We are searching for either an alternative for our solution or a way to limit the number of visits to the same edges.

Any help is greatly appreciated!

Similar

Visiting a directed graph as if it were an undirected one, using a recursive query provides a solution in postgresql.
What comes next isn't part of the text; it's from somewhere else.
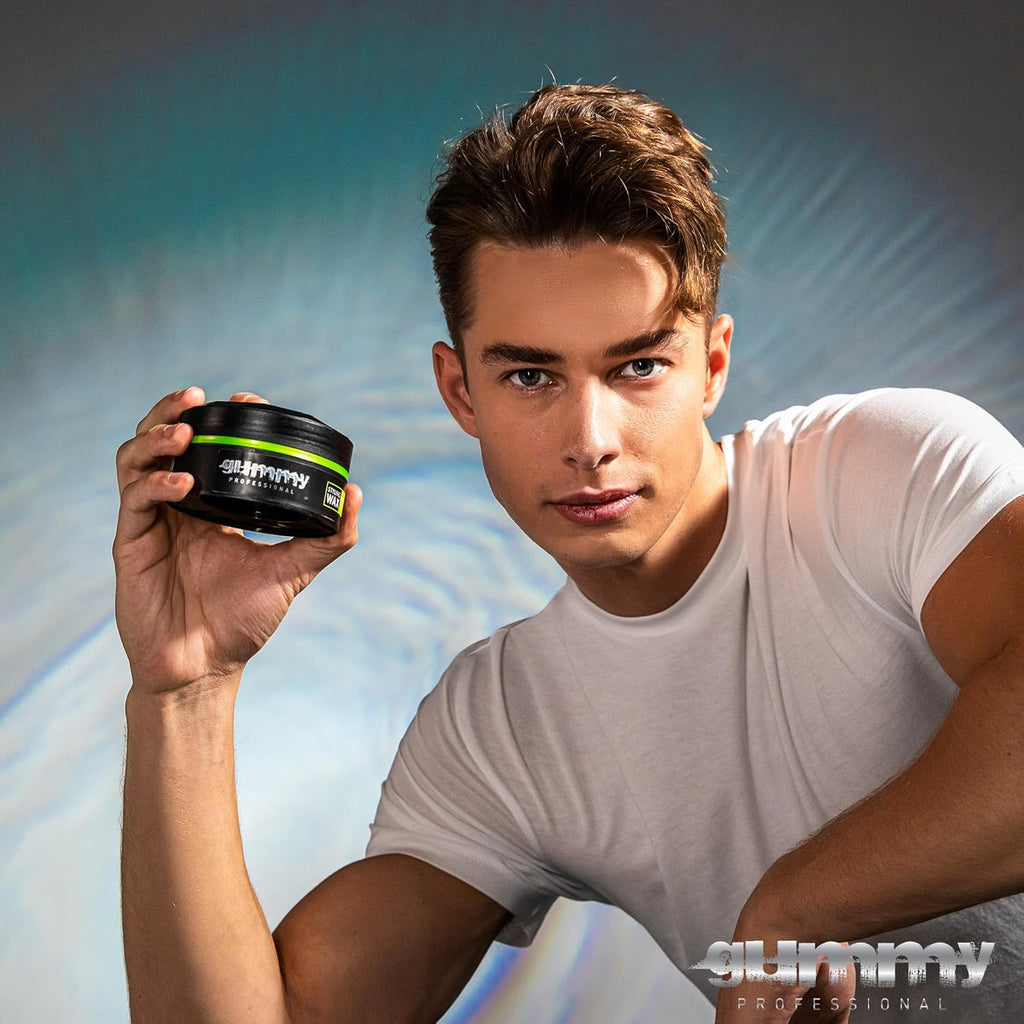 Gummy Professional Casual Look Haar Styling Wax Matt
We are required to use Oracle11g.

Example

Edges

A-B, B-D, C-A, C-E, C-F, H-F, E-B, G-D, G-I

Graphical

    A
  /   \
C - E - B - D
  \       /
H - F   G - I

DDL and DML

CREATE TABLE EDGE (
  FROM_ID VARCHAR(10),
  TO_ID   VARCHAR(10)
);

INSERT INTO EDGE VALUES ('A', 'B');
INSERT INTO EDGE VALUES ('E', 'B');
INSERT INTO EDGE VALUES ('C', 'E');
INSERT INTO EDGE VALUES ('C', 'A');
INSERT INTO EDGE VALUES ('C', 'F');
INSERT INTO EDGE VALUES ('B', 'D');
INSERT INTO EDGE VALUES ('G', 'D');
INSERT INTO EDGE VALUES ('H', 'F');
INSERT INTO EDGE VALUES ('G', 'I');

Input

nodes: 'A'

Required Output

C   A
C   E
C   F
H   F
A   B
E   B
B   D
G   D
G   I

Current Solution

Our current solution returns exactly what we need, but as mentioned above each additional loop increases the execution time exponentially.

SELECT
  c.LVL,
  c.FROM_ID,
  c.TO_ID,
  CASE
  WHEN lag(C.TO_ID)
       OVER (
         PARTITION BY C.LVL
         ORDER BY C.LVL, C.TO_ID ) = C.TO_ID
    THEN C.LVL || '-' || C.TO_ID
  WHEN lead(C.TO_ID)
       OVER (
         PARTITION BY C.LVL
         ORDER BY C.LVL, C.TO_ID ) = C.TO_ID
    THEN C.LVL || '-' || C.TO_ID
  ELSE C.LVL || '-' || C.FROM_ID
  END GROUP_ID
FROM (
       WITH chain(LVL, FROM_ID, TO_ID ) AS (
         SELECT
           1            LVL,
           root.FROM_ID FROM_ID,
           root.TO_ID   TO_ID
         FROM EDGE root
         WHERE root.TO_ID IN (:nodes)
               OR (root.FROM_ID IN (:nodes) AND NOT EXISTS(
             SELECT *
             FROM EDGE
             WHERE TO_ID IN (:nodes)
         ))
         UNION ALL
         SELECT
           LVL +
           CASE
           WHEN previous.TO_ID = the_next.FROM_ID
             THEN 1
           WHEN previous.TO_ID = the_next.TO_ID
             THEN 0
           WHEN previous.FROM_ID = the_next.FROM_ID
             THEN 0
           ELSE -1
           END              LVL,
           the_next.FROM_ID FROM_ID,
           the_next.TO_ID   TO_ID
         FROM EDGE the_next
           JOIN chain previous ON previous.TO_ID = the_next.FROM_ID
                                  OR the_next.TO_ID = previous.FROM_ID
                                  OR (previous.TO_ID = the_next.TO_ID AND previous.FROM_ID <> the_next.FROM_ID)
                                  OR (previous.TO_ID <> the_next.TO_ID AND previous.FROM_ID = the_next.FROM_ID)
       )
         SEARCH BREADTH FIRST BY FROM_ID SET ORDER_ID
         CYCLE FROM_ID, TO_ID SET CYCLE TO 1 DEFAULT 0
       SELECT
         C.*,
         row_number()
         OVER (
           PARTITION BY LVL, FROM_ID, TO_ID
           ORDER BY ORDER_ID ) rank
       FROM chain C
       ORDER BY LVL, FROM_ID, TO_ID
     ) C
WHERE C.rank = 1;
like image 910
Bart Gerard Avatar asked Jun 28 '17 09:06

Bart Gerard


1 Answers

For keeping the traversing algorithm out of returning to already visited edges, one can indeed keep the visited edges somewhere. As you already found out, you won't get much of a success with a string concatenation. However, there are other usable "value concatenation" techniques available...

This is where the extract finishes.